Derrière la façade d’une famille ordinaire se cache l’histoire d’un horrible fait divers, portée par un père de famille magnétique et glaçant.

L’argument : Dans l’Argentine des années 80, un clan machiavélique auteur de kidnappings et de meurtres vit sous l’apparence d’une famille ordinaire dans un quartier tranquille de Buenos Aires. Le clan est mené d’une main de fer par Arquimedes, le patriarche. Il contraint Alejandro, son fils aîné, une star du rugby évoluant dans la mythique équipe nationale, Los Pumas, ainsi protégé de tous soupçons par sa popularité, à lui fournir des candidats au kidnapping.

Notre avis : Plus grand succès du cinéma argentin avec 2,5 millions de spectateurs dans son pays, ce thriller historique a été couronné du prix du meilleur réalisateur pour Pablo Trapero (Carancho, Elefante Blanco) à la Mostra de Venise. Produit entre autres par les frères Almodovar, Pedro et Augustin, El Clan s’inspire d’un fait divers sordide qui eu lieu dans les années 80 à Buenos Aires, également traité avec la série TV Historia de un clan diffusée en 2015.



Pour bien comprendre l’enjeu même du film il est primordial de resituer le contexte historique. La trame suit la famille Puccio et se déroule au moment du basculement de la dictature militaire (1976-1983) au retour à la démocratie. A la tête de cette famille ordinaire issue d’un milieu modeste, le patriarche du nom d’Arquimedes semble être un vieil homme affable, travaillant pour l’Etat. Ce que le film énonce moins clairement, c’est qu’il fut plus exactement membre du SIDE (agence de renseignement d’Argentine) qui durant la dictature organisa des enlèvements et actes pour le moins obscurs. La démocratie entraîne donc la mise à l’écart de cet homme par un gouvernement qui tente de cacher ses anciennes affaires.

A première vue totalement insoupçonnable, ce vieil homme désormais en roue libre entraîne sa famille dans une spirale de violence, par une série d’enlèvements et de séquestrations de personnes fortunées en l’échange de rançons. La bipolarité de ce père aimant et tout en retenue ne s’en révèle que plus glaçante. L’acteur Guillermo Francella, véritable célébrité en Argentine et connu pour son jeu comique, interprète brillamment à contre-emploi ce personnage méthodique, inexpressif et commettant des actes de sang-froid. Le plus déboussolant pour le spectateur est de définir les motifs de cet homme qui « semble » équilibré et sans réel besoin financier.

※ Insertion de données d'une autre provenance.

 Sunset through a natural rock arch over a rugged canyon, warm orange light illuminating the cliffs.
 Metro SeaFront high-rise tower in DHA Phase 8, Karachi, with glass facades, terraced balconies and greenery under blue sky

Le fil rouge d’El Clan s’axe sur la relation entre Arquimedes et l’un de ses fils, Alejandro, rugbyman pour l’équipe national d’Argentine. Le deuxième est sous l’emprise du père, qui le manipule afin de l’utiliser comme appât pour les enlèvements. Passé le point de non retour, on n’ose imaginer le pire et l’aboutissement de cet engrenage. Tel un parfum prémonitoire, la chanson « All i’v got is a sunny afternoon » interprétée par le groupe british The Kinks, résonne dans nos têtes comme un soupçon d’ironie et induit un effondrement du château de carte familial.

Le climat qui se dégage des scènes dans la maison familiales et la juxtaposition avec les séquestrations dans le sous-sol renvoient à la violence psychologique présente dans des œuvres comme Canine (influence négative et malsaine des parents) ou le film de Gregory Wilson The Girl Next Door (également sur un fait divers d’enlèvement). Toutefois, on regrette que les autres membres de la famille ne soient pas davantage étoffés. Connaître leur ressenti aurait permit de mieux saisir leur tiraillement vis-à-vis des actes commis leur père.

Le réalisateur démontre une réelle maîtrise du plan-séquence avec deux scènes-clés. Tel un complice, le spectateur devient ainsi un membre de cette famille et un témoin forcé de leur mode opératoire. En dehors de la mise en scène, on note un réel travail de fond et d’enquête pour coller au plus près des événements même si encore aujourd’hui on ne connait pas toute la vérité autour de cette affaire. Le film prend donc une forme quasi-documentaire mélangeant images d’archives télévisées avec la reconstitution des enlèvements sous la forme de chapitres. Cependant, ce choix de structure donne un aspect quelque peu répétitif dans enchaînement des scènes.

Avec El Clan, Pablo Trapero nous montre comment un décor familier peut se révéler n’être que la couverture d’une horrible vérité. Même si certains passages semblent redondants, ce thriller historique est porté par une mise en scène maîtrisée et un acteur principal magnétique et glaçant.